The Monopolization of America


Photo credit: clarita from morguefile.com

Corporate Crime Reporter - You walk into your local convenience store and head to the cold walk-in beer room in the back. The choice is overwhelming. Budweiser, Michelob, Bud Light, Busch Light, Stella Artois, Grolsch, Kirin,Tsingtao, Corona, Negra Modelo, Rolling Rock, Widmer, Miller and Coors.

In fact, all of these beers are controlled by two companies.

MillerCoors under the direction of South African Breweries (SAB) and AnheuserBusch In Bev.

Two multinational corporations controlling the beer choices of 300 million Americans.

And it’s not just beer.

One single multinational corporation dominates the world supply of eyeglass stores.

One dominates the milk supply.

Barry Lynn goes down the list of industries.
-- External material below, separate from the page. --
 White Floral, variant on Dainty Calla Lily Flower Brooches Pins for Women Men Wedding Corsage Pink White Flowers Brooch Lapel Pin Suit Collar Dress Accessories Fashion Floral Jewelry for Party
And he finds a similar story across the board.

A handful of multinational corporations controlling each industry – or the supply chains of each industry. Such dominant monopolies were illegal just thirty years ago. But that all changed with Ronald Reagan and Robert Bork.

A corporatist oligarchy took hold.

President Obama has promised aggressive antitrust enforcement. But Lynn says it’s pie in the sky.

“It will take more than a lawsuit or two to overthrow America’s corporatist oligarchy and restore a model of capitalism that protects our rights as property holders and citizens,” Lynn argues in his new book – Cornered: The New Monopoly Capitalism and the Economics of Destruction (Wiley, 2010).

Antitrust law was developed to protect the political economy from extreme concentrations of corporate power.

Then came Reagan and Bork. In 1978, Bork said we should have a consumer welfare test.